Look through the listing below for the string "Chevrolet". Say how many lines hold it, and nothing else.

━━━ Record excerpts ━━━

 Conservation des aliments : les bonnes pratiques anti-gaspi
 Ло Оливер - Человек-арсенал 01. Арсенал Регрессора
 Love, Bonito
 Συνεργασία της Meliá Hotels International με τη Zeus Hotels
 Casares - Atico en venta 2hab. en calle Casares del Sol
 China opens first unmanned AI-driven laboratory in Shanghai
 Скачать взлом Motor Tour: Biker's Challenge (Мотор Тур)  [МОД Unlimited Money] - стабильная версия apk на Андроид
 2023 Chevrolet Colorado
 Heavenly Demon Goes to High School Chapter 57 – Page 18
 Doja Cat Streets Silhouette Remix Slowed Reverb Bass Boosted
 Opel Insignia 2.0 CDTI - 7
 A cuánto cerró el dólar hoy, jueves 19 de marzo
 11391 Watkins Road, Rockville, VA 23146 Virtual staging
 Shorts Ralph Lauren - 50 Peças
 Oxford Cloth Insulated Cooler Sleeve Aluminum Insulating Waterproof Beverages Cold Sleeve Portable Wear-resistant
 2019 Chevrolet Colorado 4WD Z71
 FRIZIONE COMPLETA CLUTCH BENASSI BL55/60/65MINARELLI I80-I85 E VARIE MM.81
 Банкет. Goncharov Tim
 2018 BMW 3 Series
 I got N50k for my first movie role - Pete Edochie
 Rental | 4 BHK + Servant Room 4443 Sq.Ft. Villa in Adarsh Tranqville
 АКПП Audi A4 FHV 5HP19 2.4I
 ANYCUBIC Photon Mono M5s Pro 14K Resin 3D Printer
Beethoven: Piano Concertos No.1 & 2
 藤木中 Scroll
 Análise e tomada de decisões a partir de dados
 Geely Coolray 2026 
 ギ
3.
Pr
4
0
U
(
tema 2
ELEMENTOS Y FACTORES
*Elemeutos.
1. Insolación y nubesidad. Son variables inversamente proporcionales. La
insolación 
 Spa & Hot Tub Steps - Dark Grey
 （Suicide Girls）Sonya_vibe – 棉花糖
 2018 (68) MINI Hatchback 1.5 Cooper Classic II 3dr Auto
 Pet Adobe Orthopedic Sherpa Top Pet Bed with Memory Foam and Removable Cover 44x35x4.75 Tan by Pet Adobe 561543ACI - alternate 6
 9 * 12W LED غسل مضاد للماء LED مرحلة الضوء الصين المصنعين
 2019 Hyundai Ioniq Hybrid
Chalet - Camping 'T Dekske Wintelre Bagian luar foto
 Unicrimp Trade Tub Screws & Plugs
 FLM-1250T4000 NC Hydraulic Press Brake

━━━

Result of this task: 2